AVAILABLE RECORDS below:
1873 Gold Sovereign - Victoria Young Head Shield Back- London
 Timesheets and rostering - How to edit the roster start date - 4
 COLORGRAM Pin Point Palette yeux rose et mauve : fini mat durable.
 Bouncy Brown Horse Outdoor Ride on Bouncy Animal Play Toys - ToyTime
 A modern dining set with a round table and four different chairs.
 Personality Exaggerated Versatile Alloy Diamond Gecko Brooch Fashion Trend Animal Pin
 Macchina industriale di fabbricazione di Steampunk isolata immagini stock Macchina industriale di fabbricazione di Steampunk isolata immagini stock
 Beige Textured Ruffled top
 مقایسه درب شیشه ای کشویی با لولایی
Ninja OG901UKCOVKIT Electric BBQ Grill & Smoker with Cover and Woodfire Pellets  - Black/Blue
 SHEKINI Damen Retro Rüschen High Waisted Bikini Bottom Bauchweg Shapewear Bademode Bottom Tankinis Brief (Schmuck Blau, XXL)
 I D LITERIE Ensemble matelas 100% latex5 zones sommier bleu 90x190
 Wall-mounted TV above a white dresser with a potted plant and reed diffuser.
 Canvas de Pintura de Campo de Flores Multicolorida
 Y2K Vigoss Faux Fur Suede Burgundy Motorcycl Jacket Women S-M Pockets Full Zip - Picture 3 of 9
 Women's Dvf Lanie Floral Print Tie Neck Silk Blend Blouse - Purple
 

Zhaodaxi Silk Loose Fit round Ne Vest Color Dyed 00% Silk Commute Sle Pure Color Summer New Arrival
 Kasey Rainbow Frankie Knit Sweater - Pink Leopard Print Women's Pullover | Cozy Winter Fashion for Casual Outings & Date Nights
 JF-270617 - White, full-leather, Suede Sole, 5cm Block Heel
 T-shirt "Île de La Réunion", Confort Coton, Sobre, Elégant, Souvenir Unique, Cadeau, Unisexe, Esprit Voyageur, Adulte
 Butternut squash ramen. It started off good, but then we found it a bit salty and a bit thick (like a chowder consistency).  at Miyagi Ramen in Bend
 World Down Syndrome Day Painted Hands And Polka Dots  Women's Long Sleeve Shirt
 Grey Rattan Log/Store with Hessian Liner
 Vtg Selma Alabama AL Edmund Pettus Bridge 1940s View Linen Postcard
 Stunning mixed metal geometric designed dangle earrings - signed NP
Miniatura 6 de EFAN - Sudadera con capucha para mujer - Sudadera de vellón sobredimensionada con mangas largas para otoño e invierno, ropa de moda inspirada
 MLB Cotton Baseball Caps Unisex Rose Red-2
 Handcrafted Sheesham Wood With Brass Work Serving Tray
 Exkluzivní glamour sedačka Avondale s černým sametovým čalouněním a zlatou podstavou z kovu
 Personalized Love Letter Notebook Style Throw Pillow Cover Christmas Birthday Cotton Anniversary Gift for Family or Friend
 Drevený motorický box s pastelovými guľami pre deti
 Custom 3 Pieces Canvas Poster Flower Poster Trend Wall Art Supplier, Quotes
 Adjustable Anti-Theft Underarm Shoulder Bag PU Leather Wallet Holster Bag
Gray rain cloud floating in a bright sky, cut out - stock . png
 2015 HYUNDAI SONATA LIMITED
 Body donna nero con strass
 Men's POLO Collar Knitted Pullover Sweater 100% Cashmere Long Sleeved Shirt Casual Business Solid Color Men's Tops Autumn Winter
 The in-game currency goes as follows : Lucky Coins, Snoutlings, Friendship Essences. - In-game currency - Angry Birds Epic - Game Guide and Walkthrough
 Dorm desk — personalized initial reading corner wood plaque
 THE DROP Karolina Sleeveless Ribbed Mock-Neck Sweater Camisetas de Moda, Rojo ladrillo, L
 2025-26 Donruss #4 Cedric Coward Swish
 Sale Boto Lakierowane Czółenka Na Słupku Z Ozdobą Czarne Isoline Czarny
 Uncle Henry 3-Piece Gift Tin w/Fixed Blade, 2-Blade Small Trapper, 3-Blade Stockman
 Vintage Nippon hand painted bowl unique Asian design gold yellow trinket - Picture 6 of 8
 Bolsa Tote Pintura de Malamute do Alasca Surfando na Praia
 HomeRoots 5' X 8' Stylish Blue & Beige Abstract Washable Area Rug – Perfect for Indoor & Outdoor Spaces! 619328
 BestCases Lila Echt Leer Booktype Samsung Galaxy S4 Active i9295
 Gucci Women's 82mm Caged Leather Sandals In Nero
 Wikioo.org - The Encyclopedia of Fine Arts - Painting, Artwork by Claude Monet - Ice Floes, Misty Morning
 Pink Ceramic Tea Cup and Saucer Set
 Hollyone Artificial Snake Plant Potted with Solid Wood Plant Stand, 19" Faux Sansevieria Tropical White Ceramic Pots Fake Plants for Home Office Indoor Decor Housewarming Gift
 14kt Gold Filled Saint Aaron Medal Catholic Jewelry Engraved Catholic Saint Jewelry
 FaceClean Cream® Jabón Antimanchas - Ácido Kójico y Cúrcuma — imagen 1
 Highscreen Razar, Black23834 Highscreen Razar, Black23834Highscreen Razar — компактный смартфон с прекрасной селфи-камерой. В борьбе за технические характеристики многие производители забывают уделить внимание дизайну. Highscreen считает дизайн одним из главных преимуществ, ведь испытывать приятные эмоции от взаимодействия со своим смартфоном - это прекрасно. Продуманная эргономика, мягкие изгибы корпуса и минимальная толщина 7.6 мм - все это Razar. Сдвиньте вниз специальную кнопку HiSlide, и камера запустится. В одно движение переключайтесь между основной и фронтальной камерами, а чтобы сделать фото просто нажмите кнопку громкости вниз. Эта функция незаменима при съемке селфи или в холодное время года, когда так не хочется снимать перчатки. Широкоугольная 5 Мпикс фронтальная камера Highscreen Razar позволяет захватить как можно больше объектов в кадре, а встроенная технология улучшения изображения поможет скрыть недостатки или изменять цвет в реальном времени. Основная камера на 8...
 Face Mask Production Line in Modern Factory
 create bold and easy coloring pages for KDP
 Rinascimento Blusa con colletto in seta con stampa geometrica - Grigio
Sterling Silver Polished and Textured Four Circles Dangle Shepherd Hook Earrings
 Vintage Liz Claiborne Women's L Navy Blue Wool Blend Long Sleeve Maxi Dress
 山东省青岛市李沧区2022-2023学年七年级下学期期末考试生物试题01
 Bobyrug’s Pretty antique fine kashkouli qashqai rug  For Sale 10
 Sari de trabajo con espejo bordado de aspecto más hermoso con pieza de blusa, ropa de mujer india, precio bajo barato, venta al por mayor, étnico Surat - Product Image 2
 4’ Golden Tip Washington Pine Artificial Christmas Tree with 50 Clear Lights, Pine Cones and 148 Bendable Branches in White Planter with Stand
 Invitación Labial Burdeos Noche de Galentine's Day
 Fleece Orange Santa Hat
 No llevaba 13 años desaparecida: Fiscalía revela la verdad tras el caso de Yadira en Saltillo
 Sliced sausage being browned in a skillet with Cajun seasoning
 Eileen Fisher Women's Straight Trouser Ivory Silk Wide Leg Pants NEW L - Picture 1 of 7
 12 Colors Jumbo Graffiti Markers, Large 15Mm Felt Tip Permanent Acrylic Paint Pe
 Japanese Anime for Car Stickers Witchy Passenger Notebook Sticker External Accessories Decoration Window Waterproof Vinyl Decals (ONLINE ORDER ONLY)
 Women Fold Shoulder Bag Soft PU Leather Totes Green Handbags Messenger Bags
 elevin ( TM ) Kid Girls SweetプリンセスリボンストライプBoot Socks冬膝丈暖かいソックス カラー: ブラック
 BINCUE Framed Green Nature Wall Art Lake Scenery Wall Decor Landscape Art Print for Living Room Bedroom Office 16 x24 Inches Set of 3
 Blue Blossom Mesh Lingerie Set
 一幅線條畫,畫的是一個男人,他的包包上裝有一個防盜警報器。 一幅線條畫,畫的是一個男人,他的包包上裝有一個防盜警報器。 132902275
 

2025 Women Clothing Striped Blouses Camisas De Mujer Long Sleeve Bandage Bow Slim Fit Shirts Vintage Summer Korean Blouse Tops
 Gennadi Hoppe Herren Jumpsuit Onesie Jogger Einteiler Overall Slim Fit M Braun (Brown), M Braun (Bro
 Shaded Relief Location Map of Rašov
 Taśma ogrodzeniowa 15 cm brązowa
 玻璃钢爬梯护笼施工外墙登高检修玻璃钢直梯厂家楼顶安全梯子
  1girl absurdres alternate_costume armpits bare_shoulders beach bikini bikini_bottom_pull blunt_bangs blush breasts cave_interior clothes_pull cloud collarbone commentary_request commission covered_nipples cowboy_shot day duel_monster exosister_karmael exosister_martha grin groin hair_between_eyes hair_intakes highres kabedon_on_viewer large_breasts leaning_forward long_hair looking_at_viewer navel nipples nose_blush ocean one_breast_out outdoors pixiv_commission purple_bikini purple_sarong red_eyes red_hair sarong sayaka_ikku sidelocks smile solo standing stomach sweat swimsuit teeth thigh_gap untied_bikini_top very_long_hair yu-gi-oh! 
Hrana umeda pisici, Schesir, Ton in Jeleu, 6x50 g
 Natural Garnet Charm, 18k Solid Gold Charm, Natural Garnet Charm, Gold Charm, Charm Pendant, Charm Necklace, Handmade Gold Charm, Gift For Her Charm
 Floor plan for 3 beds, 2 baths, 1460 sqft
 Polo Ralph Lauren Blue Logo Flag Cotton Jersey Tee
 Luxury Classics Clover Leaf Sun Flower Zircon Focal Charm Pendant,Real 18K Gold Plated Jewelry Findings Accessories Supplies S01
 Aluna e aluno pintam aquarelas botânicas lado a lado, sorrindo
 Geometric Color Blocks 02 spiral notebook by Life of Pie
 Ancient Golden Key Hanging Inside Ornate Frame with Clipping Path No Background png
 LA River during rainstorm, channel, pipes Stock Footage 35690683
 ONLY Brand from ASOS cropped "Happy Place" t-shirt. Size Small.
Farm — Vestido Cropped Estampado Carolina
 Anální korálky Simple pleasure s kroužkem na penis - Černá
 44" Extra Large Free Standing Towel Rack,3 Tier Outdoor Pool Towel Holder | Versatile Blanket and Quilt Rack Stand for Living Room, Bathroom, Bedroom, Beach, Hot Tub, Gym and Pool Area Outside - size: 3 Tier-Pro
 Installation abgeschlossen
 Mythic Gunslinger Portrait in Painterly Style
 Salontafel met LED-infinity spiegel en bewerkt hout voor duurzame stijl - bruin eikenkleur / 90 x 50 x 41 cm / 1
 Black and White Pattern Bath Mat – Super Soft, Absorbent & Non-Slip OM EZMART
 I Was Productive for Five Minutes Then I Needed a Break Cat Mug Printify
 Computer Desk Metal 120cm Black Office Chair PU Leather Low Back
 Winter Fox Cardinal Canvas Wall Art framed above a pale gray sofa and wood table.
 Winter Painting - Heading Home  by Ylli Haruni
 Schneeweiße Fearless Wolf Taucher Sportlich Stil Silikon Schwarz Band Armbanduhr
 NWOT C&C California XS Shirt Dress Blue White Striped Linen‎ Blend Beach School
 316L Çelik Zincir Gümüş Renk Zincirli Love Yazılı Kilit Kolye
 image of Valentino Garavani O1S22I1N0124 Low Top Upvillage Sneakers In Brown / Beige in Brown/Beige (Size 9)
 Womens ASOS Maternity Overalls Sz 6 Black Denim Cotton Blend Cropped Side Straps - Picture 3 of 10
End of AVAILABLE RECORDS.
What do the lines above say from the one containing "Pink Ceramic Tea Cup and Saucer Set" down to the one containing "FaceClean Cream® Jabón"? Return them exactly, both end lines included, and only them.

▸ ANSWER TO THE EXERCISE
 Pink Ceramic Tea Cup and Saucer Set
 Hollyone Artificial Snake Plant Potted with Solid Wood Plant Stand, 19" Faux Sansevieria Tropical White Ceramic Pots Fake Plants for Home Office Indoor Decor Housewarming Gift
 14kt Gold Filled Saint Aaron Medal Catholic Jewelry Engraved Catholic Saint Jewelry
 FaceClean Cream® Jabón Antimanchas - Ácido Kójico y Cúrcuma — imagen 1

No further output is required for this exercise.